# Cross Validation

## Cross Validation


### 1. Overfitting Defined

**Overfitting** occurs when a machine learning model learns the training data, including the noise and random fluctuations, too well.

* **Result:** An overfit model achieves a **perfect or near-perfect score** (e.g., $100\%$ accuracy) on the data it was trained on.
* **Failure:** The model has memorized the answers rather than learned the underlying patterns. Consequently, it **fails to predict anything useful** on new, previously unseen data. This is the definition of **poor generalization**.

### 2. The Solution: Data Splitting

To prevent overfitting and obtain an unbiased measure of a model's true predictive power, the available data must be split into two or three distinct, non-overlapping sets:

| Data Set | Purpose | Role in Experiment |
| :--- | :--- | :--- |
| **Training Set** ($\mathbf{X}_{\text{train}}, \mathbf{y}_{\text{train}}$) | Used to **learn the parameters** of the prediction function (i.e., train the model). | **Model Development** |
| **Test Set** ($\mathbf{X}_{\text{test}}, \mathbf{y}_{\text{test}}$) | Held out and used **only once** at the very end to evaluate the model's performance on unseen data. | **Final Evaluation** |

By using a separate **test set**, the researcher ensures that the model is evaluated on data it has never encountered, providing an honest assessment of its ability to **generalize** to new situations.

https://scikit-learn.org/stable/modules/cross_validation.html

### Underfitting and Overfitting

In statistics, overfitting is "the production of an analysis that corresponds too closely or exactly to a particular set of data, and may therefore fail to fit additional data or predict future observations reliably". An overfitted model is a statistical model that contains more parameters than can be justified by the data.

If you're overfitting, or you are getting great training scores and poor  test scores, try removing the lesser performing features. The model is just memorizing the training data.

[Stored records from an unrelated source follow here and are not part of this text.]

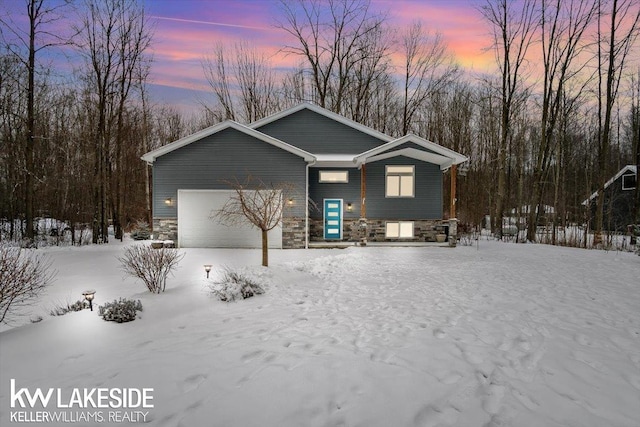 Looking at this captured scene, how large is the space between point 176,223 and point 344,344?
11.3 meters

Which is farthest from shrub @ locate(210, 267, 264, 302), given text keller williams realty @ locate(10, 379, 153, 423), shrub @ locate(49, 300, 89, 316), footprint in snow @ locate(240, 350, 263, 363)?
text keller williams realty @ locate(10, 379, 153, 423)

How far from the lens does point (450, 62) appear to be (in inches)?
861

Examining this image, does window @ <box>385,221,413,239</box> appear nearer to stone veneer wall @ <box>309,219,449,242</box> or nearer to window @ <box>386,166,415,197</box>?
stone veneer wall @ <box>309,219,449,242</box>

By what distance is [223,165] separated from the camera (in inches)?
503

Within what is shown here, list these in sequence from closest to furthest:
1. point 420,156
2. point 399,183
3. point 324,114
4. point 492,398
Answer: point 492,398 < point 420,156 < point 399,183 < point 324,114

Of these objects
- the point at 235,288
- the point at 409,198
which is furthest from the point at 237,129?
the point at 235,288

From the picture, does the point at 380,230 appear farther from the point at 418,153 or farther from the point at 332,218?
the point at 418,153

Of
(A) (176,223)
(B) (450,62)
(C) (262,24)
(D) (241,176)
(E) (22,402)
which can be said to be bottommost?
(E) (22,402)

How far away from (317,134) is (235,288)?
A: 37.4 feet

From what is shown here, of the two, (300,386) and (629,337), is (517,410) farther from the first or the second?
(629,337)

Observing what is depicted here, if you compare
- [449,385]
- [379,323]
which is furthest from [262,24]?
[449,385]

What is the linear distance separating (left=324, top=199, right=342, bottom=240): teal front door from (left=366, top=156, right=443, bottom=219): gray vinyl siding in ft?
4.77

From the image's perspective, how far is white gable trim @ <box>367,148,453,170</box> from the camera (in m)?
13.2

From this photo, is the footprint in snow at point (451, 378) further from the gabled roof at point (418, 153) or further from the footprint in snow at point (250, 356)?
the gabled roof at point (418, 153) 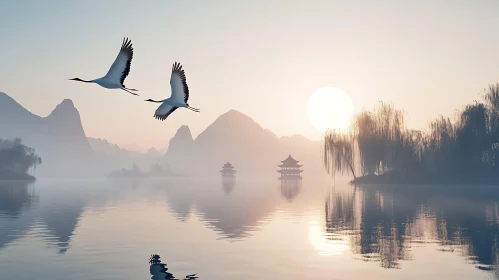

Underfitting occurs when a statistical model cannot adequately capture the underlying structure of the data. An under-fitted model is a model where some parameters or terms that would appear in a correctly specified model are missing.[2] Under-fitting would occur, for example, when fitting a linear model to non-linear data. Such a model will tend to have poor predictive performance.

If you're underfitting, or you are getting poor training scores and test scores, try adding more data or more features.

https://en.wikipedia.org/wiki/Overfitting

Please review the following regarding under-fitting and over-fitting:<br />
https://scikit-learn.org/stable/auto_examples/model_selection/plot_underfitting_overfitting.html

### Underfitting / Overfitting Fixes

#### Underfitting
* Get more data
* Get more features

#### Overfitting:
* Cross Validation
* Regularization
* Remove weak features

https://medium.com/ml-research-lab/under-fitting-over-fitting-and-its-solution-dc6191e34250

### Supervised vs Unsupervised

* Supervised: Uses target with model.fit
* Unsupervised: Doesn't use target with model.fit

## Out of Sample Testing (Cross Validation)

Sometimes called rotation estimation or out-of-sample testing, is any of various similar model validation techniques for assessing how the results of a statistical analysis will generalize to an independent data set. It is mainly used in settings where the goal is prediction, and one wants to estimate how accurately a predictive model will perform in practice. In a prediction problem, a model is usually given a dataset of known data on which training is run (training dataset), and a dataset of unknown data (or first seen data) against which the model is tested (called the validation dataset or testing set). The goal of cross-validation, out of sample testing, is to test the model's ability to predict new data that was not used in estimating it, in order to flag problems like overfitting or selection bias and to give an insight on how the model will generalize to an independent dataset (i.e., an unknown dataset, for instance from a real problem).

https://en.wikipedia.org/wiki/Cross-validation_(statistics)

## K-fold Cross Validation

In k-fold cross-validation, the original sample is randomly partitioned into k equal sized subsamples. Of the k subsamples, a single subsample is retained as the validation data for testing the model, and the remaining k − 1 subsamples are used as training data. The cross-validation process is then repeated k times, with each of the k subsamples used exactly once as the validation data. The k results can then be averaged to produce a single estimation. The advantage of this method over repeated random sub-sampling is that all observations are used for both training and validation, and each observation is used for validation exactly once. 10-fold cross-validation is commonly used, but in general k remains an unfixed parameter.

https://en.wikipedia.org/wiki/Cross-validation_(statistics)#k-fold_cross-validation

## Cross Validation Using a Decision Tree Classifier

https://scikit-learn.org/stable/modules/generated/sklearn.tree.DecisionTreeClassifier.html

In [None]:
import numpy as np
import pandas as pd
from sklearn.datasets import load_iris
from sklearn.tree import DecisionTreeClassifier
from sklearn.model_selection import cross_val_score, train_test_split
from sklearn.metrics import accuracy_score

iris = load_iris()
X = iris.data
y = iris.target

df = pd.DataFrame(data=X, columns=iris.feature_names)
df['species'] = y
X_train, X_test, y_train, y_test = train_test_split(df.drop('species', axis=1), df['species'], test_size=0.20)


model = DecisionTreeClassifier()
model.fit(X_train,y_train)
predictions = model.predict(X_test)

print(cross_val_score(model, X_train, y_train, cv=10))
print(f'With Cross Validation: {cross_val_score(model, X_train, y_train, cv=10).mean()}')
print(f'Without Cross Validation: {accuracy_score(y_test, predictions)}')

[0.91666667 1.         1.         1.         0.91666667 0.83333333
 0.91666667 0.83333333 0.91666667 0.91666667]
With Cross Validation: 0.9333333333333332
Without Cross Validation: 1.0